======== RECORDED INFORMATION

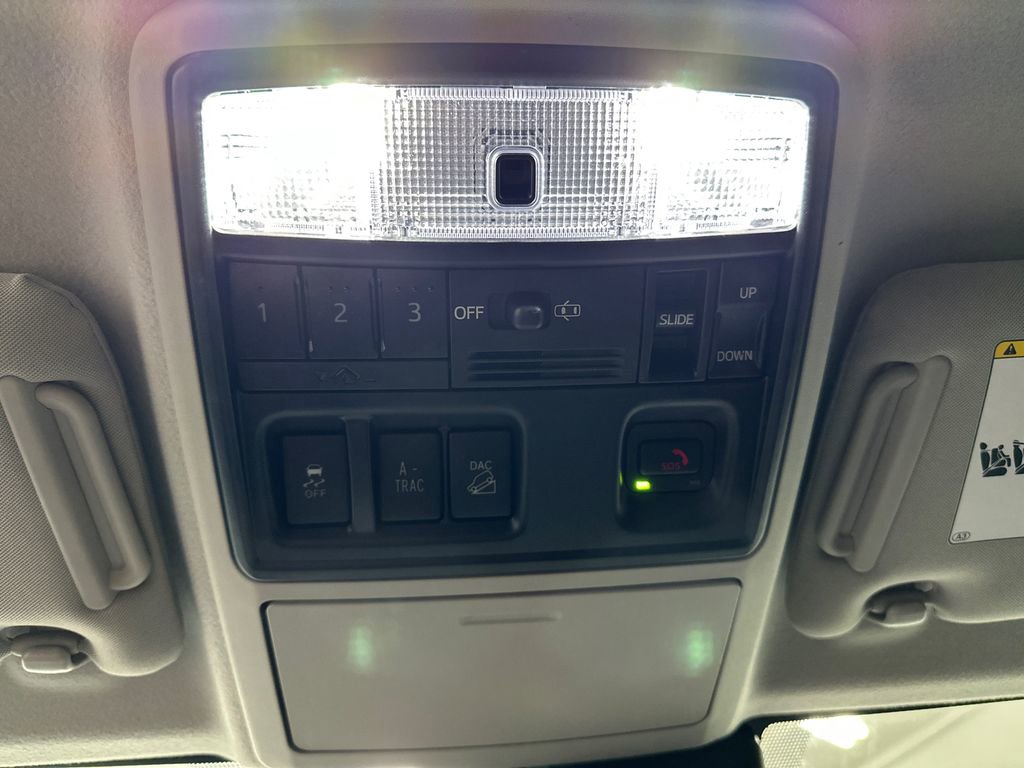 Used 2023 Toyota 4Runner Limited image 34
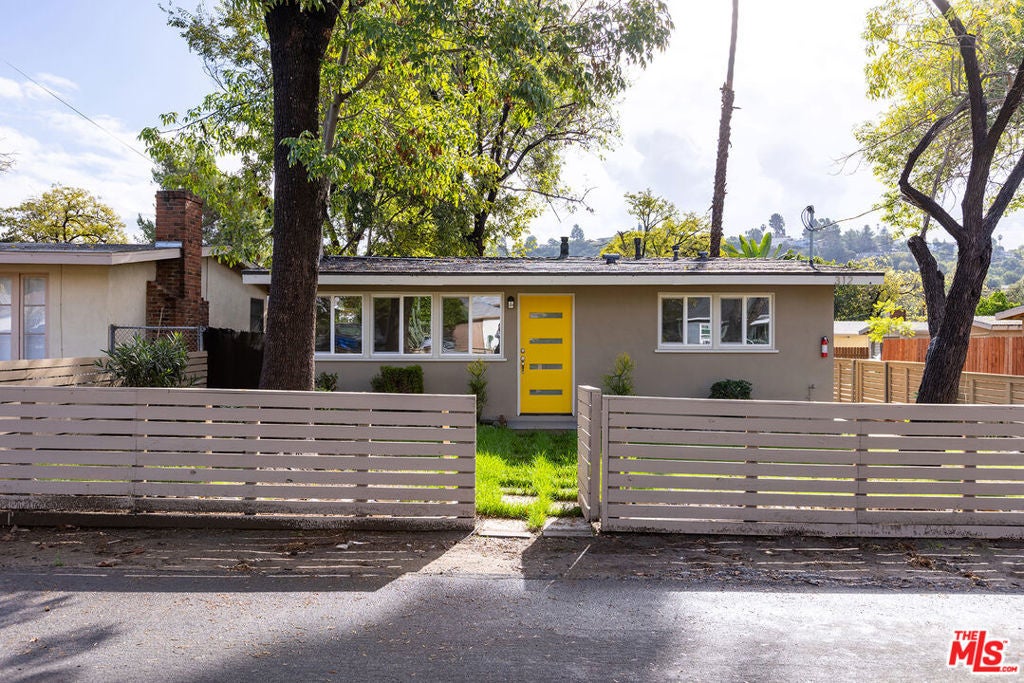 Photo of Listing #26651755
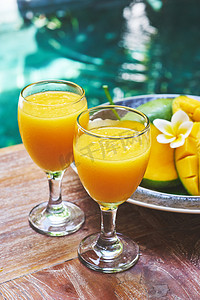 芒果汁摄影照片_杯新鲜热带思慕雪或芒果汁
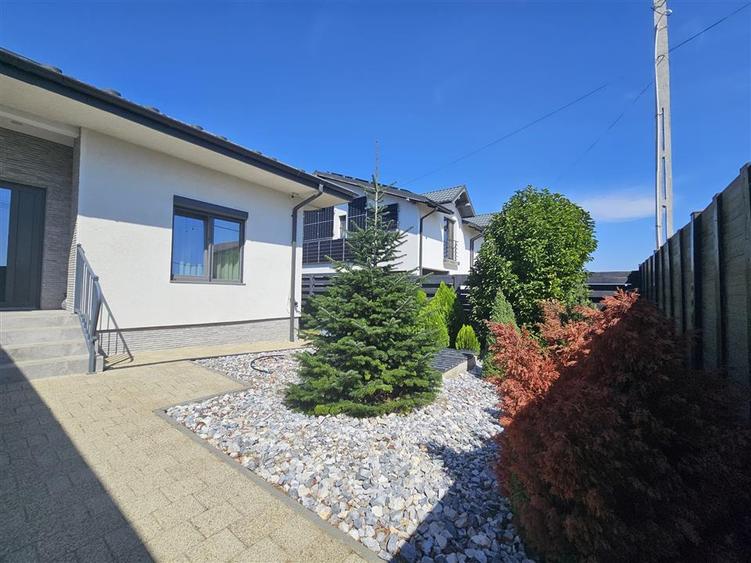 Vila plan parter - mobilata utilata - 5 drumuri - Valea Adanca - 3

================

● WHAT YOU WILL DO
The material must be restated verbatim. Its pictures must be omitted.

● WRITTEN ANSWER
 Used 2023 Toyota 4Runner Limited image 34
 Photo of Listing #26651755
 芒果汁摄影照片_杯新鲜热带思慕雪或芒果汁
 Vila plan parter - mobilata utilata - 5 drumuri - Valea Adanca - 3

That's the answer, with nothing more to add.